• [WHAT YOU NEED TO DO]
Each entry is to be output as written, so that none is missing.

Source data
========================================================================
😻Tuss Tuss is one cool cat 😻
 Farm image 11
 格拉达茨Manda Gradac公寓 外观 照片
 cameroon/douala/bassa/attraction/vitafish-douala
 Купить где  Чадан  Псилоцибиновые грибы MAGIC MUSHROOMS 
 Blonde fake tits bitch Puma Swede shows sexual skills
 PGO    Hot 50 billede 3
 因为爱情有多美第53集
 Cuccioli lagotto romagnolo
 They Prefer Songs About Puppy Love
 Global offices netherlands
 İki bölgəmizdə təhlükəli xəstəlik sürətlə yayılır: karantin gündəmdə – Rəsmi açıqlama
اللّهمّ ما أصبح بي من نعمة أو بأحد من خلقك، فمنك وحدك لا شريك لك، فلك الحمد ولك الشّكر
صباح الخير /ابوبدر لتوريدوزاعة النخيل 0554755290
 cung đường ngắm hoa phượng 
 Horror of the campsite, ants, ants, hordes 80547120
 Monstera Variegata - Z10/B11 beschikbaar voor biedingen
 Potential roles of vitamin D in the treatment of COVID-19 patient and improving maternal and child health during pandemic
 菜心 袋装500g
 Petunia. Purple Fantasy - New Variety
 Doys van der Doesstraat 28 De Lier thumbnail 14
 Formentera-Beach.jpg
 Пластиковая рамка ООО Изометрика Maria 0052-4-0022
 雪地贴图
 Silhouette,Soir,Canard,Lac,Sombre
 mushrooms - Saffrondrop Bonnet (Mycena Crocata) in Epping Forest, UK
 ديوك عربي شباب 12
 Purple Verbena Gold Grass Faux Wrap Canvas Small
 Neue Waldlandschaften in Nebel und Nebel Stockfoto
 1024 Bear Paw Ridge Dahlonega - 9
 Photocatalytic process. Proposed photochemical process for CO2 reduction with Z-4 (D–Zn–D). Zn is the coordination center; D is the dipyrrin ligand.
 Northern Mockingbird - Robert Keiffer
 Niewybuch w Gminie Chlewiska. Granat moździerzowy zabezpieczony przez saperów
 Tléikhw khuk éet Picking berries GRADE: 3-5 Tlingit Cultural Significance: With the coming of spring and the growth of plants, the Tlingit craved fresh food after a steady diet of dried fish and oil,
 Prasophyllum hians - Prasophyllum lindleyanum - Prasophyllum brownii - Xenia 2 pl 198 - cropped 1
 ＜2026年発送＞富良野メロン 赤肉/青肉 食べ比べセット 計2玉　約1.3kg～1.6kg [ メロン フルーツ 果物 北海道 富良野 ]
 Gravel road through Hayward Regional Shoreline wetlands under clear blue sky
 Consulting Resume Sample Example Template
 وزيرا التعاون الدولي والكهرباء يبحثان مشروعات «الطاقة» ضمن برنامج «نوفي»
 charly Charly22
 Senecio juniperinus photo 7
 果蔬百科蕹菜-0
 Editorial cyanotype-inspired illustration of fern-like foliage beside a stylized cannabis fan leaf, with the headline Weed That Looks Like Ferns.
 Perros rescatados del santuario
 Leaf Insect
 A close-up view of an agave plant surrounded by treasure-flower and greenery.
========================================================================
• [ANSWER]
😻Tuss Tuss is one cool cat 😻
 Farm image 11
 格拉达茨Manda Gradac公寓 外观 照片
 cameroon/douala/bassa/attraction/vitafish-douala
 Купить где  Чадан  Псилоцибиновые грибы MAGIC MUSHROOMS 
 Blonde fake tits bitch Puma Swede shows sexual skills
 PGO    Hot 50 billede 3
 因为爱情有多美第53集
 Cuccioli lagotto romagnolo
 They Prefer Songs About Puppy Love
 Global offices netherlands
 İki bölgəmizdə təhlükəli xəstəlik sürətlə yayılır: karantin gündəmdə – Rəsmi açıqlama
اللّهمّ ما أصبح بي من نعمة أو بأحد من خلقك، فمنك وحدك لا شريك لك، فلك الحمد ولك الشّكر
صباح الخير /ابوبدر لتوريدوزاعة النخيل 0554755290
 cung đường ngắm hoa phượng 
 Horror of the campsite, ants, ants, hordes 80547120
 Monstera Variegata - Z10/B11 beschikbaar voor biedingen
 Potential roles of vitamin D in the treatment of COVID-19 patient and improving maternal and child health during pandemic
 菜心 袋装500g
 Petunia. Purple Fantasy - New Variety
 Doys van der Doesstraat 28 De Lier thumbnail 14
 Formentera-Beach.jpg
 Пластиковая рамка ООО Изометрика Maria 0052-4-0022
 雪地贴图
 Silhouette,Soir,Canard,Lac,Sombre
 mushrooms - Saffrondrop Bonnet (Mycena Crocata) in Epping Forest, UK
 ديوك عربي شباب 12
 Purple Verbena Gold Grass Faux Wrap Canvas Small
 Neue Waldlandschaften in Nebel und Nebel Stockfoto
 1024 Bear Paw Ridge Dahlonega - 9
 Photocatalytic process. Proposed photochemical process for CO2 reduction with Z-4 (D–Zn–D). Zn is the coordination center; D is the dipyrrin ligand.
 Northern Mockingbird - Robert Keiffer
 Niewybuch w Gminie Chlewiska. Granat moździerzowy zabezpieczony przez saperów
 Tléikhw khuk éet Picking berries GRADE: 3-5 Tlingit Cultural Significance: With the coming of spring and the growth of plants, the Tlingit craved fresh food after a steady diet of dried fish and oil,
 Prasophyllum hians - Prasophyllum lindleyanum - Prasophyllum brownii - Xenia 2 pl 198 - cropped 1
 ＜2026年発送＞富良野メロン 赤肉/青肉 食べ比べセット 計2玉　約1.3kg～1.6kg [ メロン フルーツ 果物 北海道 富良野 ]
 Gravel road through Hayward Regional Shoreline wetlands under clear blue sky
 Consulting Resume Sample Example Template
 وزيرا التعاون الدولي والكهرباء يبحثان مشروعات «الطاقة» ضمن برنامج «نوفي»
 charly Charly22
 Senecio juniperinus photo 7
 果蔬百科蕹菜-0
 Editorial cyanotype-inspired illustration of fern-like foliage beside a stylized cannabis fan leaf, with the headline Weed That Looks Like Ferns.
 Perros rescatados del santuario
 Leaf Insect
 A close-up view of an agave plant surrounded by treasure-flower and greenery.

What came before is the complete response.